● **Your objective**
Line by line, transcribe the data below exactly and pass over the images.

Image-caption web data
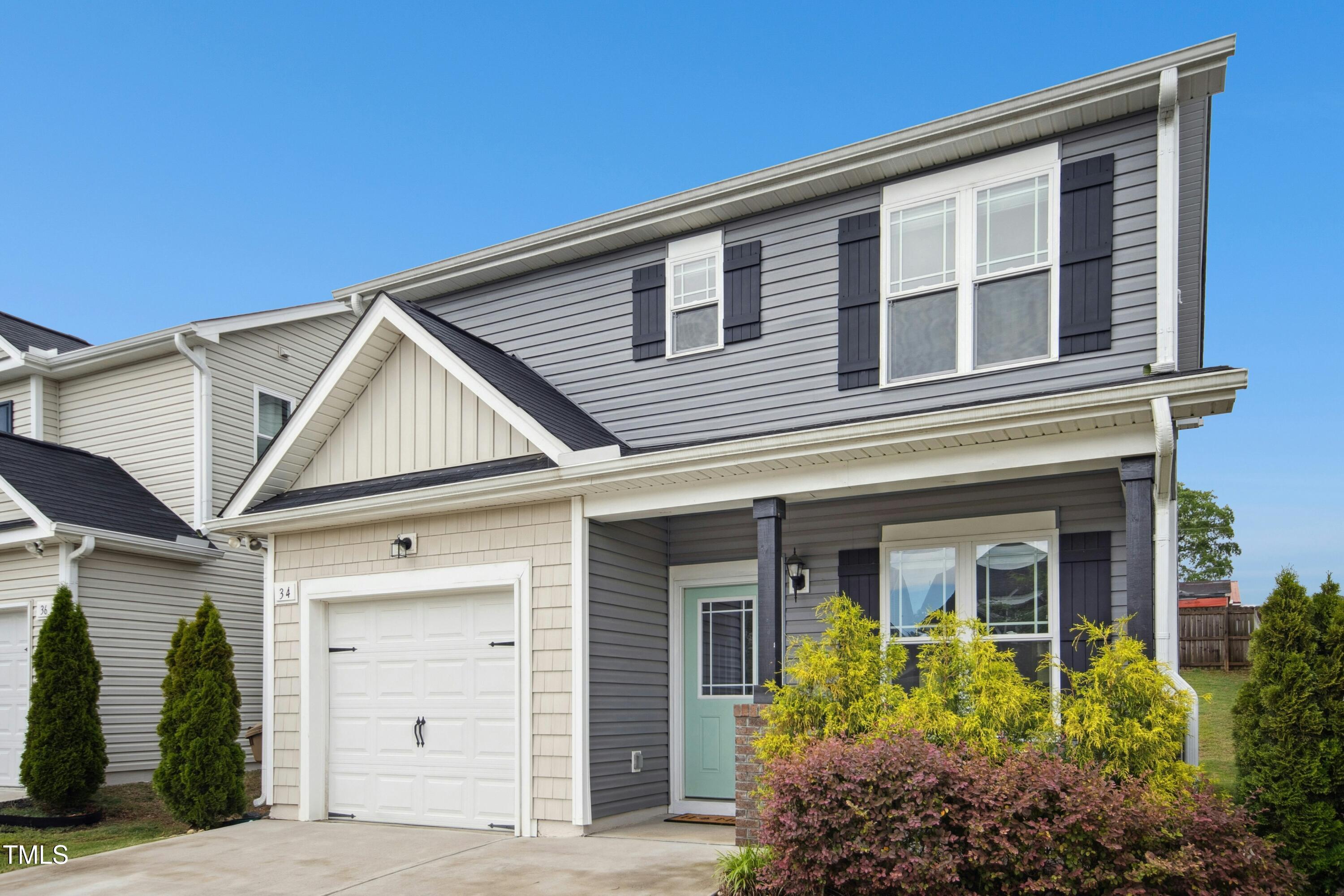 34 Schoolhouse Way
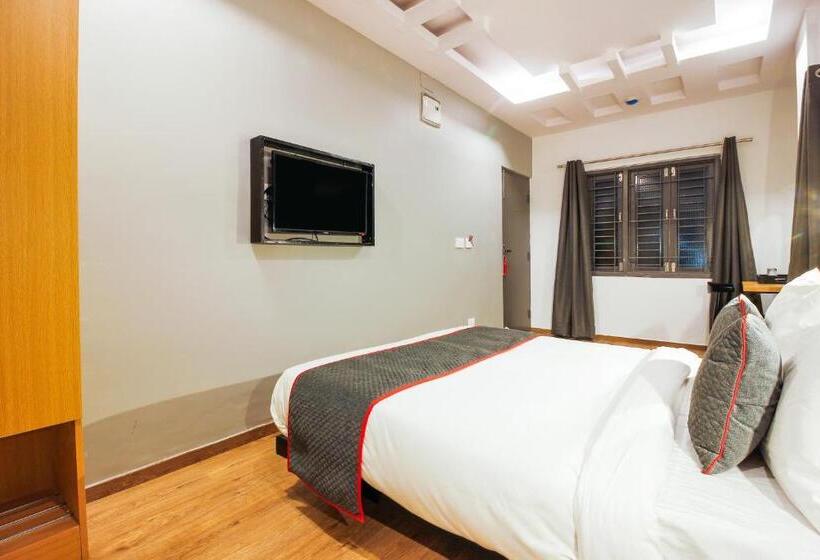 בית מלון כפרי Super Townhouse Rcc Sunrise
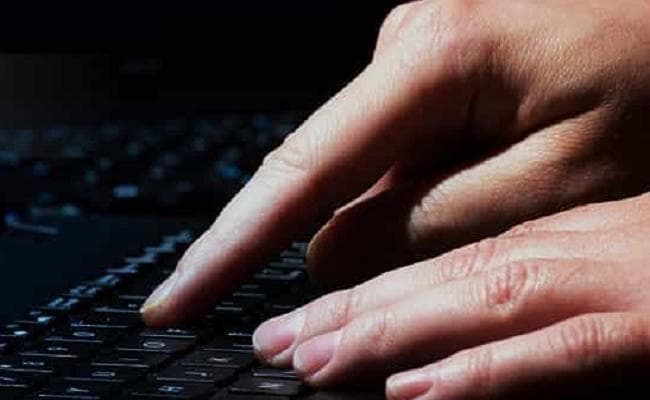 पुलिस अधिकारी का फेसबुक अकाउंट हैक कर किया ये काम, केस दर्ज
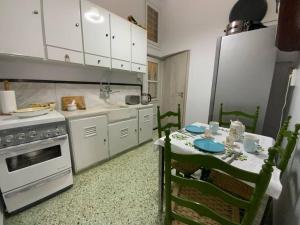 una cocina con una mesa con placas azules. en Lovely House with Private Carport & Shady Veranda, en Atenas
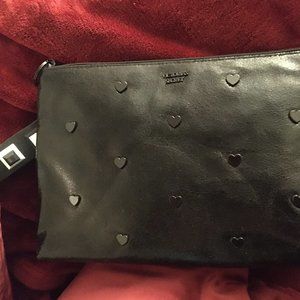 Victorias Secret🖤🌺CRINKLE CLUTCH🌺🖤Faux Leather And Wristlet 🗝Keychain St…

● **Response to the task**
 34 Schoolhouse Way
 בית מלון כפרי Super Townhouse Rcc Sunrise
 पुलिस अधिकारी का फेसबुक अकाउंट हैक कर किया ये काम, केस दर्ज
 una cocina con una mesa con placas azules. en Lovely House with Private Carport & Shady Veranda, en Atenas
 Victorias Secret🖤🌺CRINKLE CLUTCH🌺🖤Faux Leather And Wristlet 🗝Keychain St…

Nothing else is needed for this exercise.